SINGAPORE--Server virtualization is expected to save emerging markets in Asia-Pacific US$44 billion by 2020, a greater amount compared to the more mature markets in the region, a IDC study reveals.
According to the IDC Server Economies Index 2013 released Thursday, emerging markets China, India, Indonesia, Malaysia and Thailand are able to save more over the next seven years.
In comparison, the more mature markets Australia, Japan and Singapore derived US$8 billion of savings due to virtualization compared to the emerging markets. Australia is the most advanced market in the region when it comes to the adoption of x86 server virtualization.
The study, sponsored by VMware, had created a hypothetical view of a world where x86 servers did not exist 10 years ago, and then forecasts the impact server virtualization will have made by the year 2020. The hypothesis and forecast was made over eight markets in Asia-Pacific including Australia, India, Indonesia, Malaysia, China, Singapore, Thailand and Japan, and assumes every country will fully virtualize its servers.
The greater savings from virtualization the developing markets are due to avoidance of more costs incurred from server shipments, along with the presence of more physical servers in the region, Matthew Hardman, senior product marketing manager of VMware ASEAN and India, noted, at the study's release here Thursday.

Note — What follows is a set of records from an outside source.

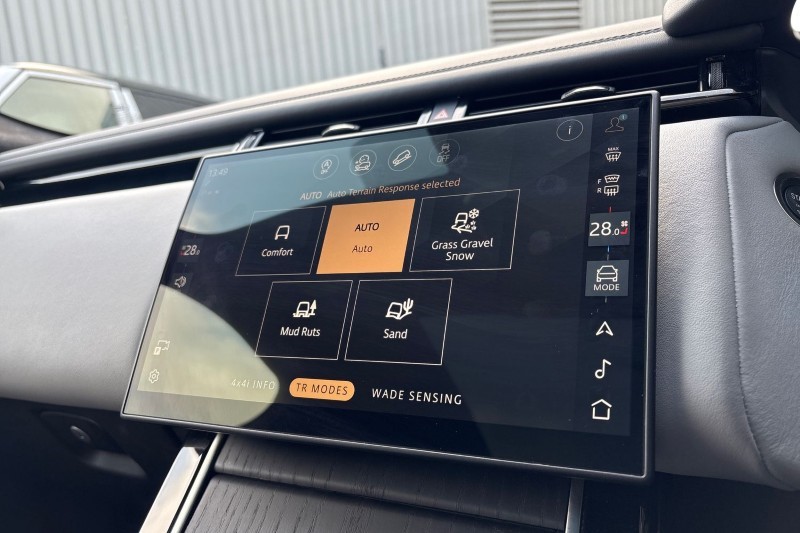 Used Land Rover Range Rover Velar 2025 for sale - 77803984: Photo 40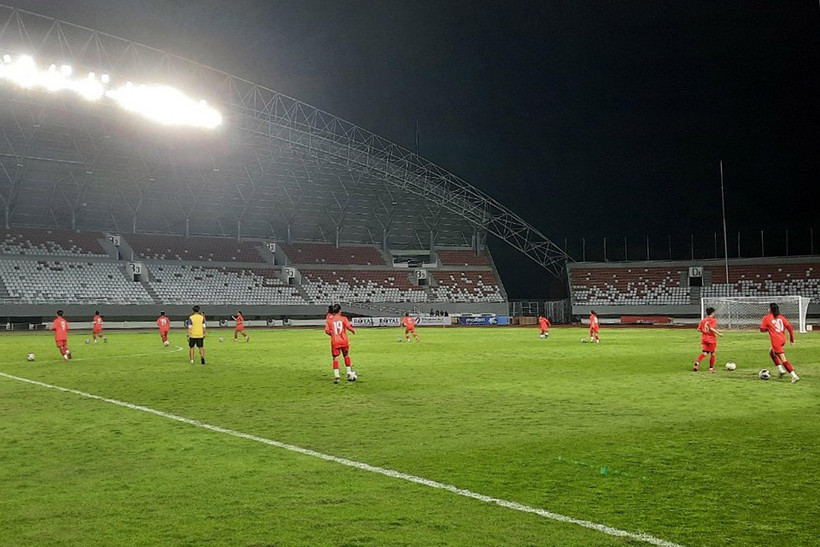 Đội tuyển U18 nữ Việt Nam làm quen mặt sân Gelora Jakaaring. (Ảnh: VFF)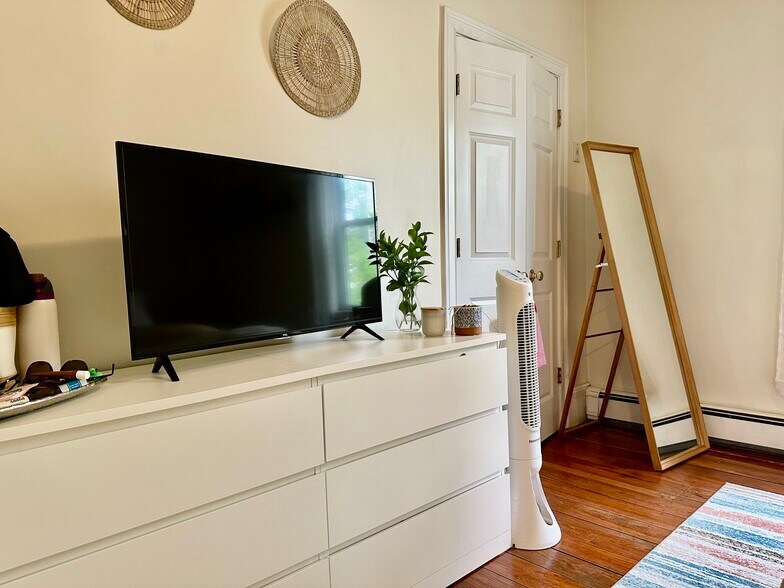 Building Photo - 12-14 Marcella St. Unit 2A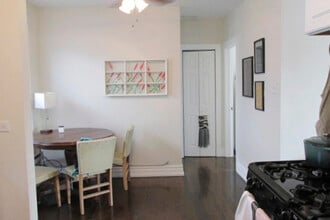 2133 W Giddings St, Unit 2131-3C in Chicago, IL - Building Photo - Building Photo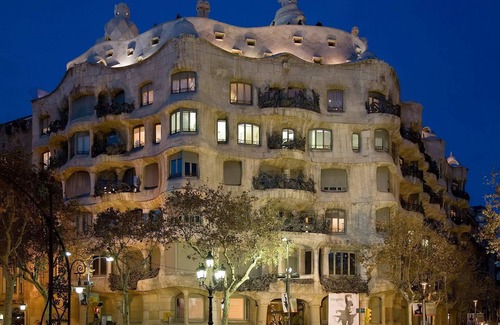 El Putget i Farro Apartment | EDIFICIO DE FANTASTICOS APTOS. EN BARCELONA, centro, 7 pers.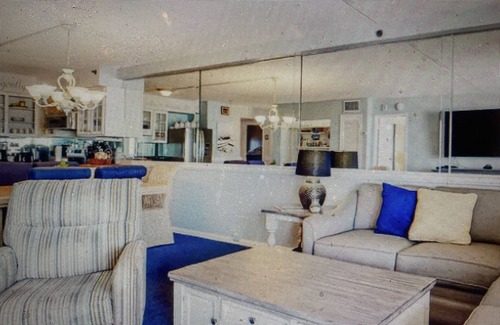 North Ocean City Condo | Oceanfront Condo with all the Amenities of a Hotel- Indoor & Outdoor Pool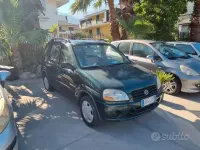 Usata Suzuki Ignis 83 CV (61 kW) 2003 Verde Utilitaria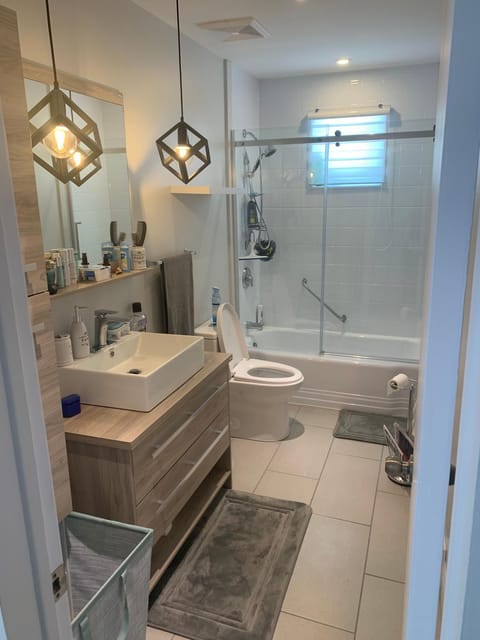 Shower, Toilet, Bathroom, Bath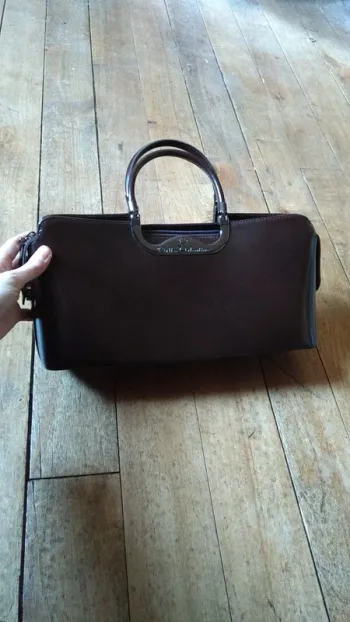 Sublime sac rigide Walter Valentino marron glacé. Original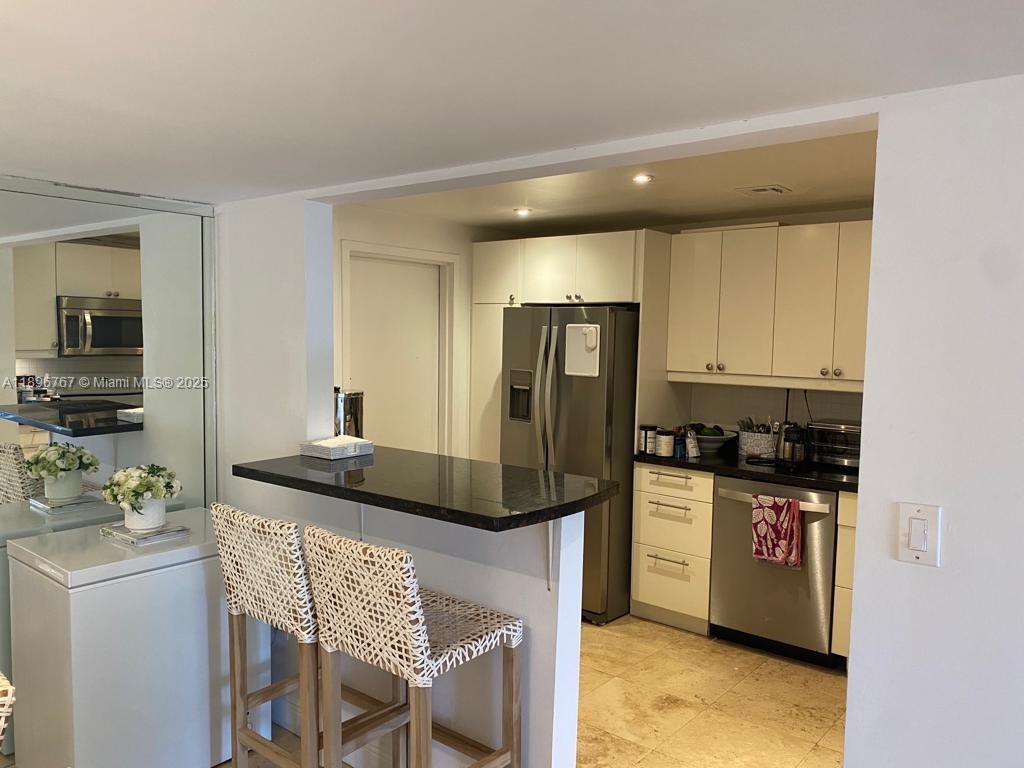 CAPE FLORIDA CLUB CONDO P - Residential Lease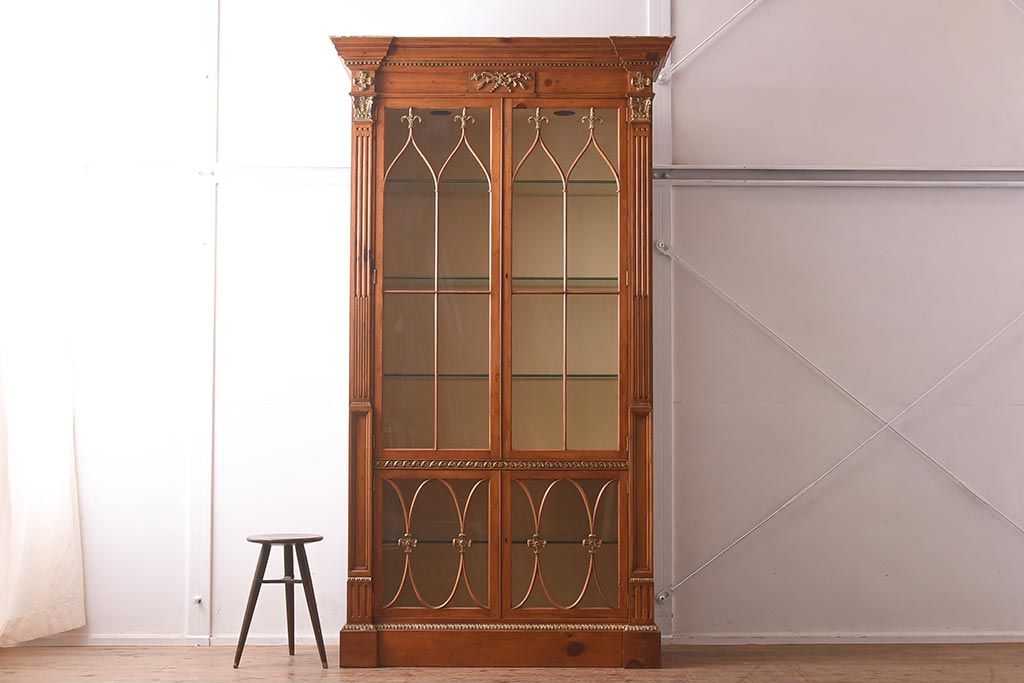 展示品　IDC大塚家具　Baker(ベーカー社)　1967G　クラシカルなブックケース(本箱、収納棚、飾り棚、キャビネット)(定価約167万円)(R-041855)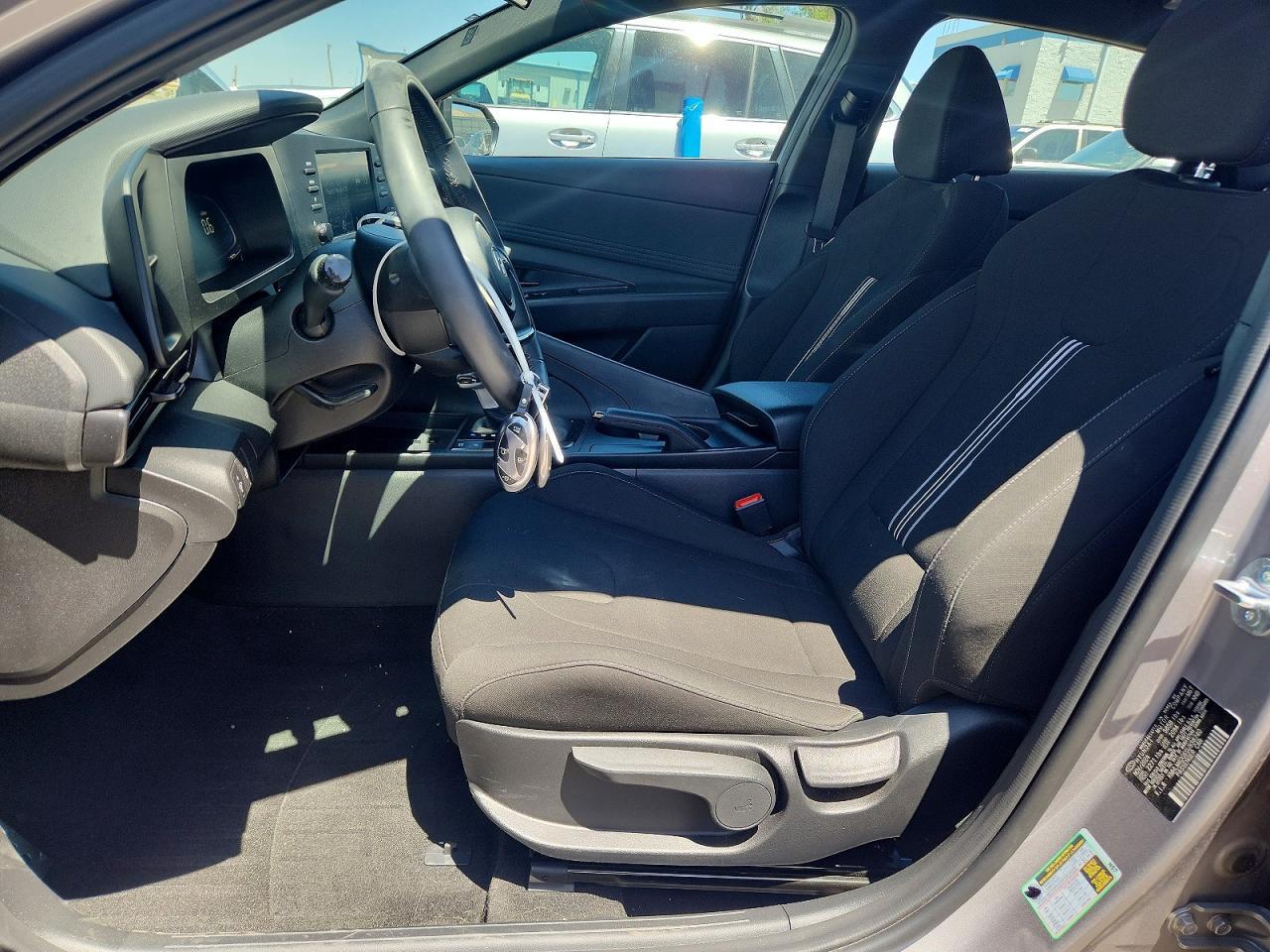 2025 Hyundai Elantra Sel Sport - Image 7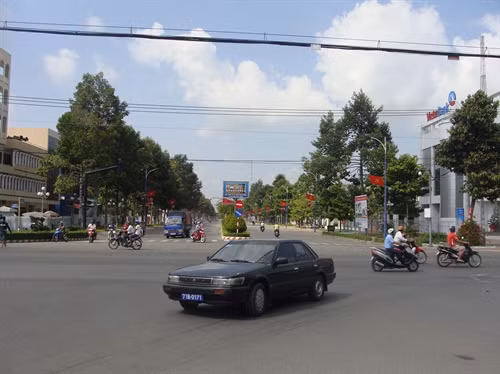Bộ mặt thành phố Cao Lãnh (Đồng Tháp) ngày một khang trang, hiện đại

Overall, the Asia-Pacific region will see US$98 billion worth of cost savings from 2003 to 2020 in the areas of server spending, power and cooling, floor space and cost of manpower and overheads.
For markets in the region, the most significant cost savings came from server spending accounting for around half of the overall costs at US$48.7 billion. This is followed by the avoidance of power costs at US$17.6 billion associated with these servers.